バラマキ合戦の総選挙で議論されない「分配」の原資 野党の「金持ちから取ればいい」は無理筋
貧しくなった日本人
一方、野党が言うような「税金は金持ちから取ればいい」という話にも無理がある、というのはさる大学教授だ。
「日本経済新聞なども書いていますが、日本は米国に比べて格差は大きくありません。経済協力開発機構(OECD)のデータでは、米国はトップ1%の富裕層が国全体の富の40%を独占していますが、日本はトップ1%が握る富は11%。金持ちから取ると言っても、実はそれほど金持ちの数は多くないのです。しかも、金融資産は国境を越えて海外に移動しますから、税率を上げても、簡単に税収が増えるというわけでもないのです」
とはいえ、格差が拡大していると、多くの国民が感じているのは事実だろう。
「成功している人がごく一部で、大半の人が貧しくなっているからそう感じるのです。日本の平均年収は実質ベースで30年間ほぼ横ばいです。デフレ下で物価が下がったので、それでも生活できた。ところが日本だけが成長せずに為替が円安になったことで、輸入物価が上昇して生活が苦しくなってきた。日本人全体が貧しくなっているんです。一部の成功者から税金を取れば、全体が豊かになると考えるのは幻想です」(同)
財務省の本音は消費税の引き上げ
もっとも、野党がそろって主張している消費税率の時限的引き下げとなると、話は別だという。エコノミストが語る。
「ポスト・コロナで一気に景気を回復させる術として消費税率を引き下げるのは有効かもしれません。

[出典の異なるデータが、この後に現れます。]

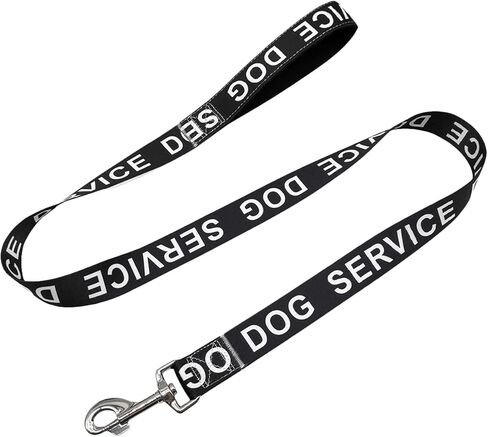 MayPaw 4FT Service Dog Leash, 1" and 1.25" Wide Nylon Dog Leash with Comfortable Neoprene Handle, Great for Medium to Extra-Large Dogs (4ft x 1", black) in Saudi Arabia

コロナで消費したくてもできない状況だったので、消費税減税をきっかけに消費が爆発する可能性が高い。税率を時限的に引き下げても、税収はそれほど減らないと思います。時間がある一部の人しか恩恵を受けられないGoToトラベルを再開するなら、すべての人に行き渡る消費税減税の方が平等です。実際、ドイツも時限的な消費税減税を導入しました。景気が過熱してきたタイミングで税率を戻せば影響は少ないでしょう」
しかし、岸田首相は消費税減税だけは、きっぱりとやらないと言っている。
「財源としての金融課税強化や法人税率引き上げを封印したうえで、消費税率まで下げたら予算が組めないと財務省がかなり抵抗します。財務次官が月刊誌に寄稿して『バラマキ合戦だ』と批判しましたが、財務省の本音は、歳出の抑制ではなく消費税率の引き上げです。やっと実現させた消費税率10%を放棄することなど絶対にできない、ということでしょう」(同)
総選挙が終われば、自民党では年末に向けて税制調査会が開かれ、税制改革が議論される。どうやって巨額の財政出動の原資を捻出するのか。選挙戦で言った「公約」とは関係なしに、そこで本音が見えてくるはずだ。